La Mission de L'Atelier 1955 1

  • Cigar Reviewed: La Mission de L'Atelier 1955
  • Country of Origin: Nicaragua
  • Factory: My Father Cigars S.A.
  • Wrapper: Mexican San Andrés
  • Binder: Nicaragua
  • Filler: Nicaragua
  • Length: 6 3/4 Inches
  • Ring Gauge: 44
  • Vitola: Lonsdale
  • MSRP: $9.25 (Boxes of 18, $166.50)
  • Release Date: May 6, 2016
  • Number of Cigars Released: Regular Production
  • Number of Cigars Smoked For Review: 3

Visually, the La Mission de L’Atelier 1955 is quite distinctive, with an oval box-press as well as a short pig-tail protruding from the cap. The cigar is covered in in a dark mocha brown wrapper that is relatively smooth to the touch, and features just a bit of oil. Aroma from the wrapper is a combination of strong earth, manure, leather, dark chocolate and pepper, while the cold draw brings flavors of cocoa, espresso beans, hay, licorice, generic nuts and slight vanilla sweetness.

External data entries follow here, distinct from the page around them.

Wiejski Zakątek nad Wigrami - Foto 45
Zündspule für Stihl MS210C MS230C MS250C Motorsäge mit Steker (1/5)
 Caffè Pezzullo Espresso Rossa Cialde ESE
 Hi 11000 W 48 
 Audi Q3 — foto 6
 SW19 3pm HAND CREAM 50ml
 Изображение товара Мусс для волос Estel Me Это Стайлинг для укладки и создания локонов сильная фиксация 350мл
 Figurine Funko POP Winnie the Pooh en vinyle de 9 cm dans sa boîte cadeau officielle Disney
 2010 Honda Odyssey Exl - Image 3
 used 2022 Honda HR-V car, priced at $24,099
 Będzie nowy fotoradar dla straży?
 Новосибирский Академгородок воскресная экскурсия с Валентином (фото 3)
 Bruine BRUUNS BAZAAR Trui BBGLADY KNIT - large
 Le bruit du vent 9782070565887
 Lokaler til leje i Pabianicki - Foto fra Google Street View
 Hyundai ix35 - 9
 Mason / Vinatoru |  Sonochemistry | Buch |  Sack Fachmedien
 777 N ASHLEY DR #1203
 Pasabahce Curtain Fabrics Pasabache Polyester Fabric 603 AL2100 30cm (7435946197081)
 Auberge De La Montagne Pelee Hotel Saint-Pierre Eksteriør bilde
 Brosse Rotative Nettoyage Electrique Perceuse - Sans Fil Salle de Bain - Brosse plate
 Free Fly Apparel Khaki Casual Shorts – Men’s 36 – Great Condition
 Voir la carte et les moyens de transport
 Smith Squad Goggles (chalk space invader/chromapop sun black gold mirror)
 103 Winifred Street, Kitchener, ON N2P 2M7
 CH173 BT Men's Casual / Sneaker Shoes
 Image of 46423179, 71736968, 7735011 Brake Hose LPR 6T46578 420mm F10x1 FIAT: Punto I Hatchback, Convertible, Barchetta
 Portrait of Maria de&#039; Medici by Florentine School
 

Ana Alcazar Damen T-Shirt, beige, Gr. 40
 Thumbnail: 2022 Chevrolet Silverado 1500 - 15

The La Mission de L’Atelier 1955 starts off immediately with a multitude of flavors: charred meat, dark cocoa, gritty earth, hay, ground coffee beans and roasted peanut shells. There is a bit of vanilla sweetness on the retrohale, some slight spice on my tongue and a significant black pepper note that seems to be getting stronger as the first third burns down. Construction-wise, the burn is razor sharp so far, but the draw is a touch tighter than I would like, and the smoke production is massive coming off of the foot. The overall strength starts off fairly mild, and fails to reach the medium mark by the time the first third comes to an end.

La Mission de L'Atelier 1955 2

Coming into the second third of the La Mission de L’Atelier 1955, and the dominant notes have shifted to a combination of cinnamon and aromatic cedar, closely followed by flavors of bitter espresso, baker’s spices, earth, hay and dried tea leaves. There is a touch of salt on my lips that was not present before, as well as some distinct honey sweetness on the retrohale combined with some remaining black pepper. Construction-wise, the burn continues to impress, and while the draw remains a bit tight for my tastes, the smoke from the foot is well above average. The overall strength remains restrained, and ends the second third a bit short of the medium mark.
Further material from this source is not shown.